De tout quoi nous avons fait procès verbal que nous avons signé au dit lieu où été trouvé le dit cadavre le jour et an de l’autre part ainsi signé à la minute du procès verbal
Rousseau, Rolland, Martin Marsault, Jacques Belliard juge de paix et Cochon greffier.
Le greffier mérite en partie son nom car j’ai eu un peu de mal à retranscrire certains mots, mais cela est dû surtout à mon inculture ! Merci donc à celui et à celles (Sylvie, Françoise(s), Bernadette, Claudine, Isabelle, Nicolas…) qui m’ont aidé à les reconnaître et m’en ont donné la signification !
* Voltaire correspond à Saint-Loup-sur-Thouet dans les Deux-Sèvres. Le nom de l’écrivain a été brièvement donné à cette commune pendant la Révolution car la famille de Voltaire (les Arouet) est originaire de ce village. Certains spécialistes émettent d’ailleurs l’hypothèse que Voltaire aurait créé son nom d’écrivain à partir d’une autre commune toute proche du département, Airvault, en inversant les 2 syllabes (Vault-Air = Voltaire)
* Le cadis est un tissu de laine.

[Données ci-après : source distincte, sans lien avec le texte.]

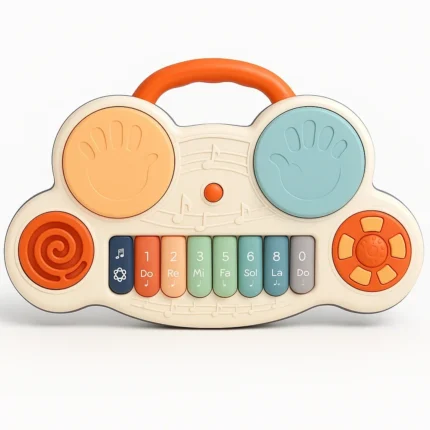 TEC TAVAKKAL Kids' Drum & Keyboard Set with Animal Noises, Flashing Lights & Multi-Color Design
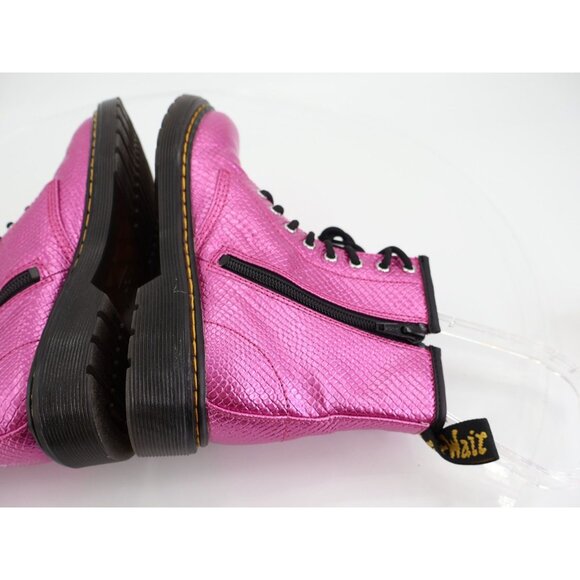 Dr Martens Girls 1460 J Boots Size 2 Pink Croc Reptile Lace Up Combat Shoe - Picture 8 of 11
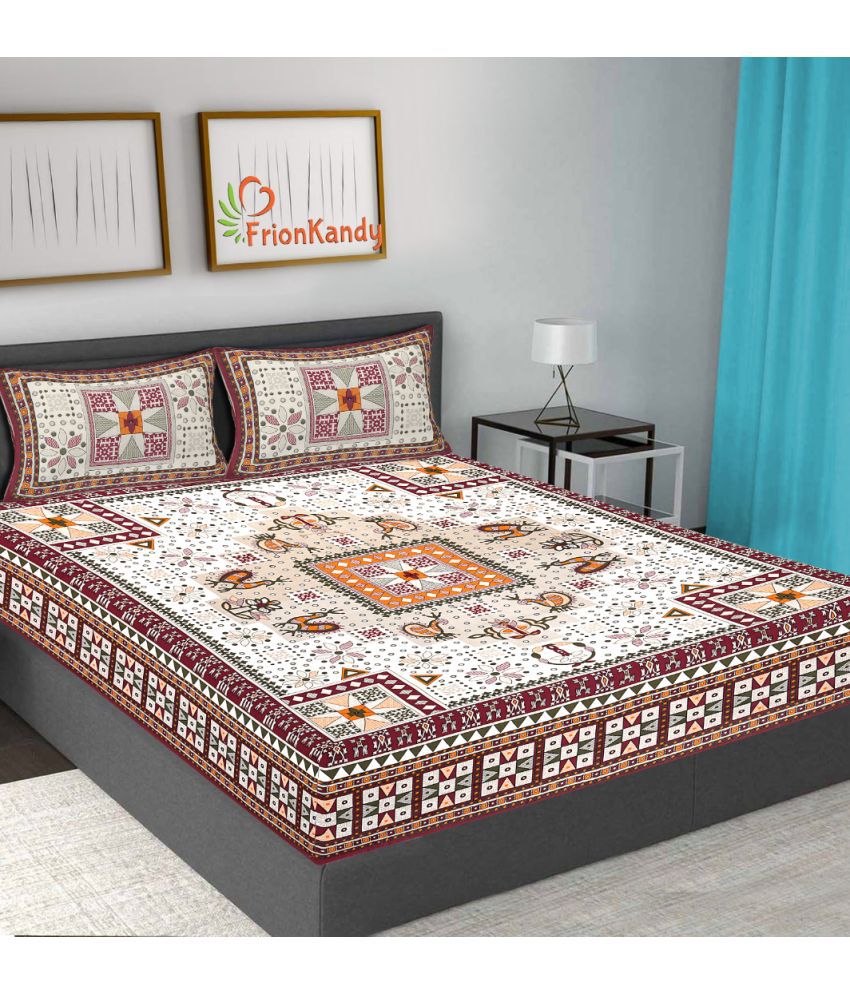 FrionKandy Living Cotton Abstract Double Bedsheet with 2 Pillow Covers - Maroon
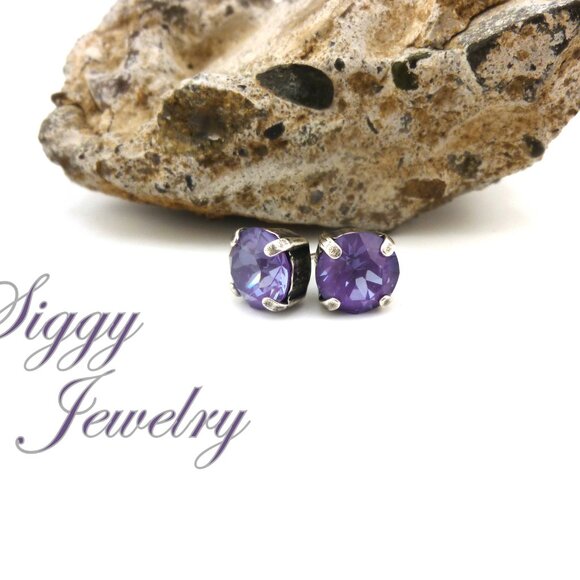 Amethyst Ignite Purple Genuine Austrian Crystal Gold Plated Stud Earrings - Picture 4 of 7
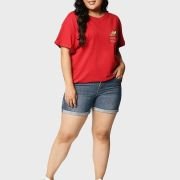 Official Tom & Jerry Merchandise Women’s 100% Cotton Graphic Print Boyfriend Fit Round Neck Plus Size T-Shirt
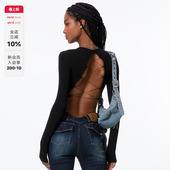 后背镂空绑带BabyT性感露背辣妹带胸垫长袖 ABMY T女 noBra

Les propriétaires d’une manufacture de Montauban, les Aignan, en ont produit sur plusieurs générations. C’est sans doute ce tissu qui est cité dans le texte.
* Le crayon a été inventé en 1795 par Conté. Avant, en concurrence avec la plume, on utilisait un tube métallique fendu et muni d’une petite bague coulissante pour maintenir une mine (craie, plombagine…) Si j’ai bien lu, il s’agit donc peut-être d’une sorte de porte-mine.
* Une bouteille de coyer est une bouteille de courge en d’autres termes une gourde.
* Sans doute un couteau à crochet (un havet est un crochet.)
* Extravasation : sortie non souhaitée d’un liquide hors de son canal vers les tissus qui l’entourent.